Each farm worker produced on the average fifteen per cent more. The reduction in acreage was mainly due to hard times and low prices after the collapse of the artificial prosperity of the war. But there were other causes. The substitution of the automobile and the tractor diminished the land required to provide feed for horses. Improved methods of cultivation and the diversification of crops enabled the farmer to maintain his output while curtailing his cultivation. Less land was used because less land was needed.

Even more striking than the shrinkage in farm land, though evident over a much longer period, was the decline in the farm population. The magnetic attraction of the cities had long been evident, and the census of 1920 marked the point when for the first time the urban population of the United States outnumbered the rural.*

* The census figures somewhat exaggerated the drift to the cities because the normal growth of population in a small village will often pull it across the demarcation line of twenty-five hundred inhabitants, and thus people who were “rural” may become “urban” without the trouble of leaving their homes.

   
Munitions work attracted many to town.

The temporary demand for munition workers from 1915 to 1918 drew many to town, a term of military service uprooted others. During the years 1910-1920 the center of population remained almost stationary in the midst of Indiana, moving westward by a shorter distance than for any previous decade, and this in spite of the exceptionally rapid growth of California and the Far West generally. For the first time the Eastern states were outgaining the Mississippi-Missouri basin. Three mainly rural states—Vermont of the hill farms, Mississippi of the cotton plantations and Nevada of the ranches—actually decreased in population.

Other agricultural states made slight increases, but mainly through the growth of towns and cities. The purely rural population was almost everywhere stationary or decreasing, except in the Far West where public irrigation works opened new farm lands.

Within the urban group, the tendency was quite as much to build up small towns and cities as the great commercial centers. Manhattan Island, the heart of New York, actually decreased in population from 1910 to 1920, to the profit of outlying boroughs, such as the Bronx, or suburban villages within commuting distance. The same forces which were building the cities at the expense of the countryside were building the suburbs at the expense of “downtown.” The cheap automobile, especially, spread out the residential districts of the cities like an expanding fan, but small towners and suburbanites are not usually active farmers, though they count many retired farmers in their number.

If we take not “rural” but “farm” population, the relative increase of industrial America at the expense of agriculture becomes clearer. The farm population in 1910 was placed at 32,076,960; in 1920 - 31,624,269; in 1925 - 28,981,668; in 1927 - 27,853,000. The relative decrease of farm population for the census period (1910-1920) was greatest in the New England states and measured mainly the drawing power of the neighboring industrial towns, but for the five years following the heaviest farm losses, occurred among the Negro farmers of the South.

   
Small Towns grew.

A study of rural depopulation in New York State showed very forcibly the attraction of city wages, especially for men and women who had no ties of property to hold them in the country. It was found that the order of frequency with which men left the farms was: (1) hired men, (2) farmers’ sons, (3) share tenants, (4) cash tenants, (5) owners. In three districts studied, three men out of ten and two fifths of the women brought up on farms were engaged in other occupations.

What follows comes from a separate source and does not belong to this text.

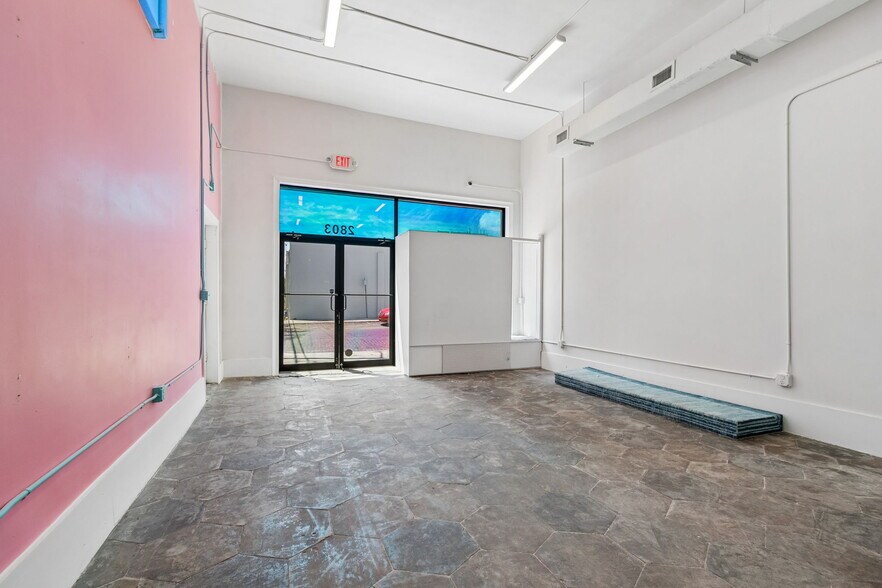 More Photos Of 2801-2805 Dr Martin Luther King Jr St N, Saint Petersburg Storefront Retail Office For Lease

Another survey, covering several states, inquired as to the motives of migration from country to town. The chief reason, affecting considerably more than a third of the ex-farmers who sought the city, was the hope of making a better living outside of agriculture. Next in importance was old age or physical disability to carry on the hard manual labor demanded even by the modern mechanized farm. A large number thought that they owed their children better schooling than the country afforded, and about two in a hundred turned their farms over to sons or sons-in-law to give them a start in life. Only about one in forty went to the city because he had saved up enough to live on without labor and wished to spend his surplus for the comforts of city life.*

* The same survey questioned a group from forty-five states who had left town or city for the farm. Most of them were pleased with the change they had made, but it was significant that the great majority, almost seven out of eight, had either been brought up on farms or had lived in the country before.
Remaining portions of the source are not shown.